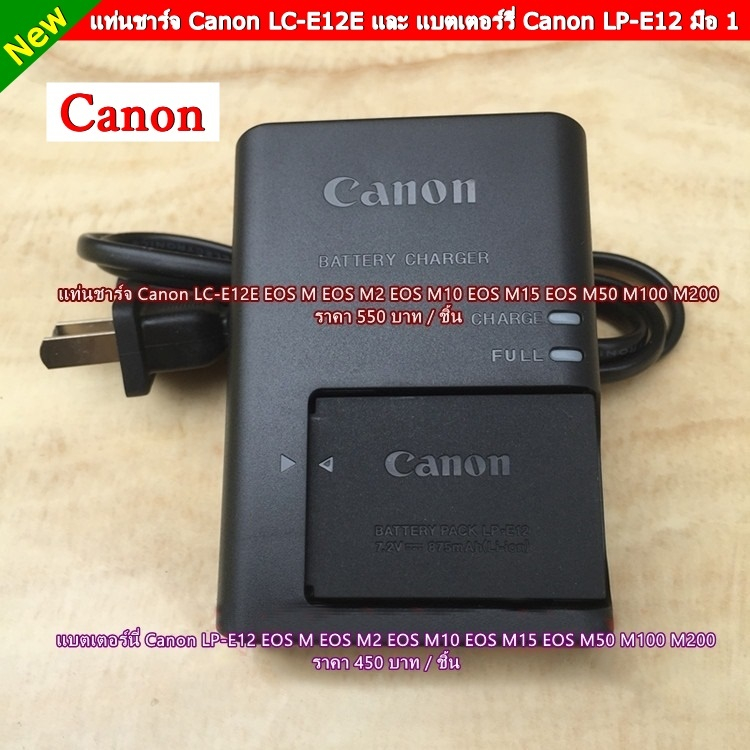 แบตเตอร์รี่ &amp; แท่นชาร์จ Canon LP-E12 สำหรับกล้อง EOS M2 EOS M10 EOS M15 EOS M50 M50II M100 M200 มือ 1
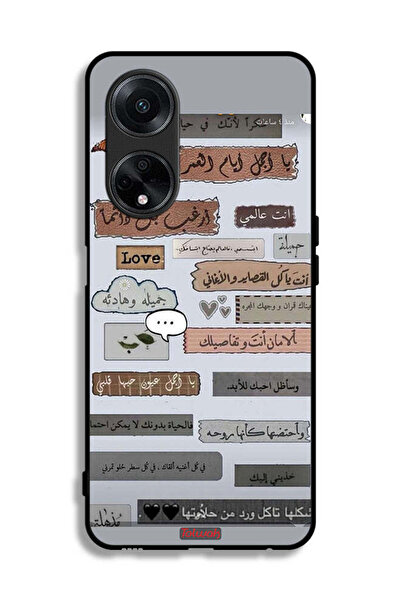 Tolwak غطاء حماية لهاتف Oppo A1 5G بعبارات حب عربية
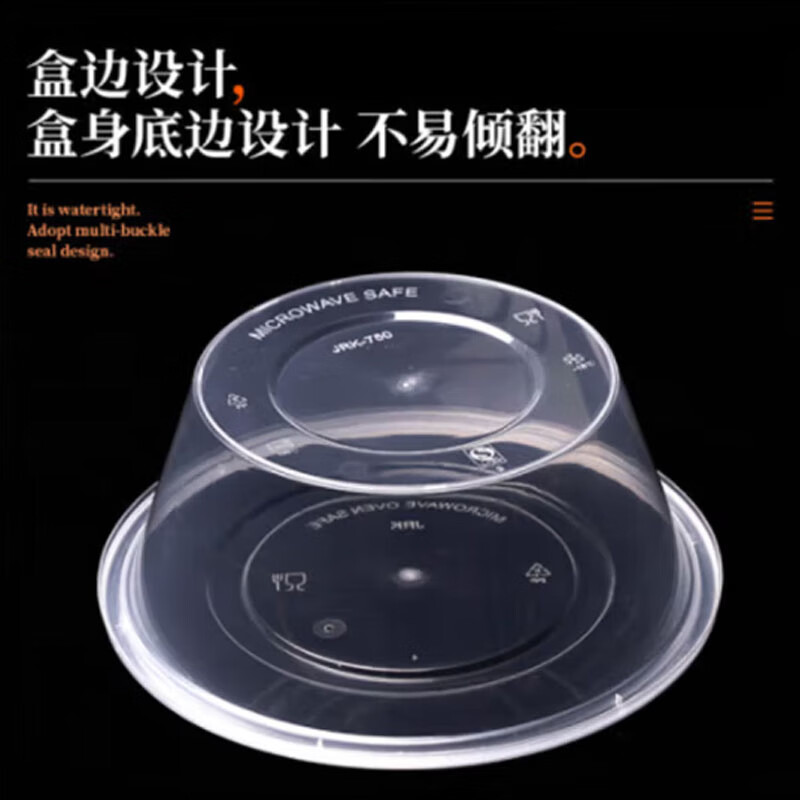 尚品双蕊一次性打包盒圆形透明快餐盒加厚带盖打包盒汤碗450ml*450套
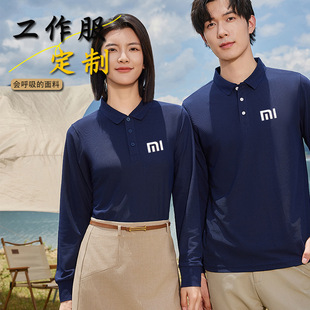 Long-Sleeved Polo Shirts Custom Wholesale Work Clothes T-Shirts Printed with Logo Group Advertising Cultural Shirts Work Clothes Embroidery Manufacturer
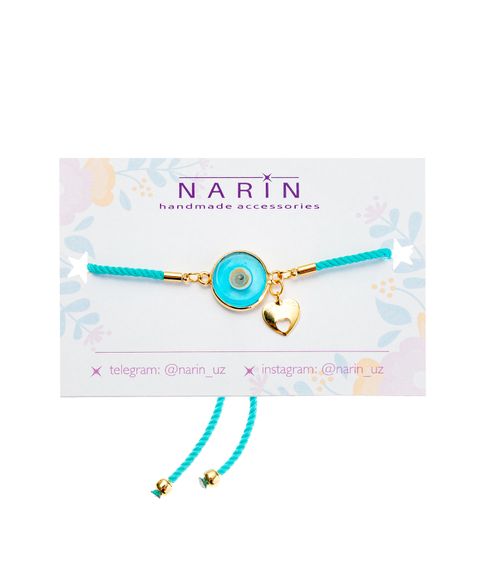 Купить Браслет Narin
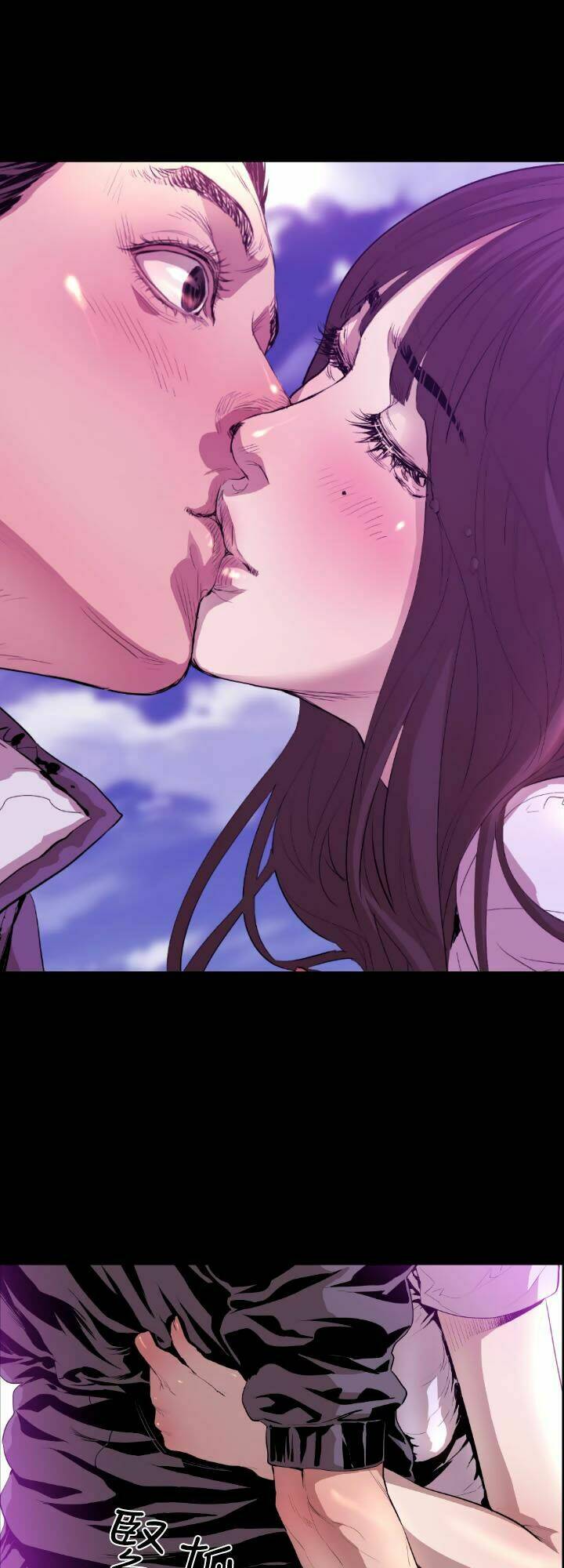 balance chapter 7 22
┄┄┄┄┄┄┄┄┄┄┄┄┄┄┄┄┄┄┄┄
**Task instructions:**
Print out the material word for word, omitting the pictures.

**Response for this exercise:**
 แบตเตอร์รี่ &amp; แท่นชาร์จ Canon LP-E12 สำหรับกล้อง EOS M2 EOS M10 EOS M15 EOS M50 M50II M100 M200 มือ 1
 Tolwak غطاء حماية لهاتف Oppo A1 5G بعبارات حب عربية
 尚品双蕊一次性打包盒圆形透明快餐盒加厚带盖打包盒汤碗450ml*450套
 Long-Sleeved Polo Shirts Custom Wholesale Work Clothes T-Shirts Printed with Logo Group Advertising Cultural Shirts Work Clothes Embroidery Manufacturer
 Купить Браслет Narin
 balance chapter 7 22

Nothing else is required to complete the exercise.